Court of Appeals of Wisconsin, District II
Mar 20, 2024
No. 2023AP355-CR (Wis. Ct. App. Mar. 20, 2024)

Opinion

2023AP355-CR

03-20-2024

State of Wisconsin, Plaintiff-Respondent, v. Jeffrey S. Decker, Defendant-Appellant.


This opinion will not be published. See WIS. STAT. RULE 809.23(1)(b)5.

APPEAL from orders of the circuit court for Winnebago County Cir. Ct. No. 2015CF12 JOHN A. JORGENSEN, Judge. Affirmed.

Before Gundrum, P.J., Neubauer and Grogan, JJ.

Per curiam opinions may not be cited in any court of this state as precedent or authority, except for the limited purposes specified in WIS. STAT. RULE 809.23(3).

PER CURIAM.

¶1 Jeffrey S. Decker appeals pro se from an order of the circuit court, contending the court erroneously denied without a hearing his petition for a writ of coram nobis requesting that he be allowed to withdraw his plea. He also appeals from several orders denying his motions for reconsideration.

Background

¶2 In 2015, Decker was charged with "Physical Abuse of a Child -Intentionally Caus[ing] Bodily Harm," a Class H felony, as well as four misdemeanor counts of bail jumping. He eventually pled no contest to a reduced charge of recklessly causing bodily harm to a child, in violation of WIS. STAT. § 948.03(3)(b) (2021-22), a Class I felony, and the four bail-jumping charges were dismissed and read in.

All references to the Wisconsin Statutes are to the 2021-22 version unless otherwise noted.
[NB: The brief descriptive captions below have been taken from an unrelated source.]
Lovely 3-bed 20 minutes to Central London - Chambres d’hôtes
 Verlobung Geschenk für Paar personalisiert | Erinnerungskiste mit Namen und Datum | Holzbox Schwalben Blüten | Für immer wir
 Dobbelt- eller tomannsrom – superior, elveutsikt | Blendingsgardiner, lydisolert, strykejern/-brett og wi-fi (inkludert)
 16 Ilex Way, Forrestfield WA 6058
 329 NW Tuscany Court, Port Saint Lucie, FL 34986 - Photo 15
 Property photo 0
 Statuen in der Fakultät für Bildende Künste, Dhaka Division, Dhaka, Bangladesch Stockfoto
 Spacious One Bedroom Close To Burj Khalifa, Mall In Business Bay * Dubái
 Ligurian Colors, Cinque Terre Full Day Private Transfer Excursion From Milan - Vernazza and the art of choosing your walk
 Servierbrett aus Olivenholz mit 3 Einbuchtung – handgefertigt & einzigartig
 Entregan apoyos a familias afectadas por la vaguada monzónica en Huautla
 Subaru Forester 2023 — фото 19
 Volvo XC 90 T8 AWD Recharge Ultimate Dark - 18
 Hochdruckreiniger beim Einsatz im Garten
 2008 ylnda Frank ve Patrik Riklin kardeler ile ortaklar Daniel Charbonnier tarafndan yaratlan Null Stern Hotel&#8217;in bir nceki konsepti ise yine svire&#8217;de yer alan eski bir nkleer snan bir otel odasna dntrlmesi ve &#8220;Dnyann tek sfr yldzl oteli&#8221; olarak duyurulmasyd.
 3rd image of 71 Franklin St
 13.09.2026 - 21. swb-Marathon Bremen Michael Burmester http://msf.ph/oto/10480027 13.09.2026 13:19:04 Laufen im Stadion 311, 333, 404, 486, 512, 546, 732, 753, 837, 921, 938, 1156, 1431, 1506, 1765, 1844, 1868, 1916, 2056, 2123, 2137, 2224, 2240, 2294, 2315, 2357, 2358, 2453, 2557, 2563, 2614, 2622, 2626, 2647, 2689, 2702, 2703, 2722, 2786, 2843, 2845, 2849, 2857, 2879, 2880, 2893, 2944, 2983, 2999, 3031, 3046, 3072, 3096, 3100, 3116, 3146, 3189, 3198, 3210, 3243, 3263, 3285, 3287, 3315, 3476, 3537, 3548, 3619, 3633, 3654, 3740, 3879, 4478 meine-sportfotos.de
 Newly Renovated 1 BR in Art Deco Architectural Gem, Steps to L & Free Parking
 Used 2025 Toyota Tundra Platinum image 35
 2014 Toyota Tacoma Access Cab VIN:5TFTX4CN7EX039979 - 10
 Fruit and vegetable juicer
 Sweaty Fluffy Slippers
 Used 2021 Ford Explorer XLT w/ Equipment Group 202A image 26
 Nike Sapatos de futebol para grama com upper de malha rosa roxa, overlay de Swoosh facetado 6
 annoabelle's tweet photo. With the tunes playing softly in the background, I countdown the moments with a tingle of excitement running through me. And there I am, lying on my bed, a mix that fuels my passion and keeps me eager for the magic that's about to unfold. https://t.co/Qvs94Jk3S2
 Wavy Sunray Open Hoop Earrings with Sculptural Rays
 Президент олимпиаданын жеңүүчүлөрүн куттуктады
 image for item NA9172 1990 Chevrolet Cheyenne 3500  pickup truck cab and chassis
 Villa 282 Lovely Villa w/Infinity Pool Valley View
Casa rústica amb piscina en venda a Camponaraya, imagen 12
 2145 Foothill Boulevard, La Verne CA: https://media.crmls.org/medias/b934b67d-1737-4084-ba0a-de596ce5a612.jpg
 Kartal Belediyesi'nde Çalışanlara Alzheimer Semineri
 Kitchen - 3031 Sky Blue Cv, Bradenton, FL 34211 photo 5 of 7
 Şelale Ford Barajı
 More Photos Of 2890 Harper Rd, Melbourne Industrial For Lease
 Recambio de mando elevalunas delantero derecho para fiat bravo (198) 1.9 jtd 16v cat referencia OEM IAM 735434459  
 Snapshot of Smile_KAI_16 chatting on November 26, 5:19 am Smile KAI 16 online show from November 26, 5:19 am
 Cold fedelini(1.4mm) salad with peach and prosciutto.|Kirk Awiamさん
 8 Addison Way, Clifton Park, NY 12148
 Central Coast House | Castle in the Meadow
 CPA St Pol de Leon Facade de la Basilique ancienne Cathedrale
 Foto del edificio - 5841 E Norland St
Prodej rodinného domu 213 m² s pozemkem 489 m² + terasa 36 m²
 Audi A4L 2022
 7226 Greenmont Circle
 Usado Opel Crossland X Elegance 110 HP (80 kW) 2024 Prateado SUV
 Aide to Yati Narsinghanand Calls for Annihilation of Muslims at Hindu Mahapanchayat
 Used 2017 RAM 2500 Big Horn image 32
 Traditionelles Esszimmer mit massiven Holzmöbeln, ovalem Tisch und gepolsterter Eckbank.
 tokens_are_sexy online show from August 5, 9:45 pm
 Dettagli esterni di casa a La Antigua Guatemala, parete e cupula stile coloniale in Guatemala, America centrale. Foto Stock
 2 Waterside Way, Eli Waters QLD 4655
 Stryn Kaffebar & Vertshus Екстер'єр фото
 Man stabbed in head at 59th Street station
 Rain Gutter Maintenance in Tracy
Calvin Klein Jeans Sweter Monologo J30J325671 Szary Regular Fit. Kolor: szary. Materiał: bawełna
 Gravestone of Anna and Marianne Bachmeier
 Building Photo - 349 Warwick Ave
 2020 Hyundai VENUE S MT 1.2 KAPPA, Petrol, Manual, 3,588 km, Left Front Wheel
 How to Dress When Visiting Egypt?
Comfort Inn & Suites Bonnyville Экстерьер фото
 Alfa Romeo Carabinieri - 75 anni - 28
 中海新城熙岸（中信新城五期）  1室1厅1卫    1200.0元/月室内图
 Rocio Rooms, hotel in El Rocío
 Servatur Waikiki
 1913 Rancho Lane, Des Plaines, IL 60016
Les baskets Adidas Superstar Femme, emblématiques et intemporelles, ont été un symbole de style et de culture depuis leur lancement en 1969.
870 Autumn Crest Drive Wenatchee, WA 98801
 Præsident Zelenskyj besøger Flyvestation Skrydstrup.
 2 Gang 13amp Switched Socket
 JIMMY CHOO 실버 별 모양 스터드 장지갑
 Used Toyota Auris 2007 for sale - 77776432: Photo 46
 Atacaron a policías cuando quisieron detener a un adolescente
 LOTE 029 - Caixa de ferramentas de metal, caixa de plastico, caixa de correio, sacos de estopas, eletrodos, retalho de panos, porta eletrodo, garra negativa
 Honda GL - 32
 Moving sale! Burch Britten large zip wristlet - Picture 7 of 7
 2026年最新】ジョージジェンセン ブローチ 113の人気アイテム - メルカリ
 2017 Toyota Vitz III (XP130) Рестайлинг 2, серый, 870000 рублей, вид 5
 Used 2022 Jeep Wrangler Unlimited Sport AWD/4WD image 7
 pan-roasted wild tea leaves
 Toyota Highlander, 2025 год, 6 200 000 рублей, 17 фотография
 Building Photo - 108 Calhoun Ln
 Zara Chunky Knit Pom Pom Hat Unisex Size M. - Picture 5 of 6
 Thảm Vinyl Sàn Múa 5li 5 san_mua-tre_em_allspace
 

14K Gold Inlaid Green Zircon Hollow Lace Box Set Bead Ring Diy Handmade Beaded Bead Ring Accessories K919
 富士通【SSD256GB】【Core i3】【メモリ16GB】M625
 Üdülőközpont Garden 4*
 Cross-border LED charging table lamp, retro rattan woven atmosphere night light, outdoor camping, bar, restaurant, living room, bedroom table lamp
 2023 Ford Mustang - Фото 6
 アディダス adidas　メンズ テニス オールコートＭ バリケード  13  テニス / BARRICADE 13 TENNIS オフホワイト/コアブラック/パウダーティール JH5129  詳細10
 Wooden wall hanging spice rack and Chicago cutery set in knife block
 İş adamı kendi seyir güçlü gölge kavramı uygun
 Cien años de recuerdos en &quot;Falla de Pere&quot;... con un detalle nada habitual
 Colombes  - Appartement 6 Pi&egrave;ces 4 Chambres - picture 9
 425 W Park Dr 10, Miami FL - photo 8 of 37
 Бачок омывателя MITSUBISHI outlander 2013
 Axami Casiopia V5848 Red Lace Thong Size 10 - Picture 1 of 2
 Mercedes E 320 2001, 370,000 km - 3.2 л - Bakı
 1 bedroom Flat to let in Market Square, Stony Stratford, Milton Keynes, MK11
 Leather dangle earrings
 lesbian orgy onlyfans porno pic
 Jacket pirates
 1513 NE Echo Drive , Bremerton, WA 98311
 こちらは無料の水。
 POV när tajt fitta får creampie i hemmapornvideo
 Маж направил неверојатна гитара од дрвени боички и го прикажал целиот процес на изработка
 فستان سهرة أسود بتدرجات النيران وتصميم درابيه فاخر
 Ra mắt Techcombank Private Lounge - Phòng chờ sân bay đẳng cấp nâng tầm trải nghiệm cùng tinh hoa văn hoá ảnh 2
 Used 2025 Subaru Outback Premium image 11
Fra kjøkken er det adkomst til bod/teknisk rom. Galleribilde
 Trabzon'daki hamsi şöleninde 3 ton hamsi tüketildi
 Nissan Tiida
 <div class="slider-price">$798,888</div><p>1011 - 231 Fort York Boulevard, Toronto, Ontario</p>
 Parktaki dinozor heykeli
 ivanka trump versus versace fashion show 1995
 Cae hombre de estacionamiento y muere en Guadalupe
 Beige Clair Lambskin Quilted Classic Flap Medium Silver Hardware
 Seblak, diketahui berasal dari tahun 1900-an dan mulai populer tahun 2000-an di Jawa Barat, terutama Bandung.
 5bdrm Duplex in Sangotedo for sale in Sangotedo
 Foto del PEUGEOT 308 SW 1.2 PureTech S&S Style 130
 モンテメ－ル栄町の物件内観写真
¶3 During his plea colloquy, Decker agreed there were sufficient facts in the criminal complaint to support his plea. Those facts include a statement by Decker's ex-wife stating that Decker was watching their two children while she was out of the home, and when she returned, she noticed that their oldest son, the twelve-year-old victim in this case, had bruising and swelling on his face. The boy was initially reluctant to tell her how he had sustained the injuries, but he eventually informed her that Decker had struck him in the face multiple times. The responding officer himself observed "redness, bruising, and swelling around the [boy's] left cheek, left temple, and left eye, as well as a cylindrical round mark and redness and swelling around the right eye." The boy explained to the officer how Decker had "started slapping him in the face [and] then grabbed one of his legs and dragged him on his side and belly up the stairs." Once up the stairs, Decker slapped the boy again and eventually "punched him with a loosely balled fist." The boy told the officer that Decker's actions caused his nose to bleed and also did cause pain. Decker admitted to the officer that he had been in a physical disturbance with his son and admitted to pulling him up the stairs and physically restraining him. When the officer asked Decker if he had slapped, punched, hit or kicked his son, Decker responded, "I decline to answer that question."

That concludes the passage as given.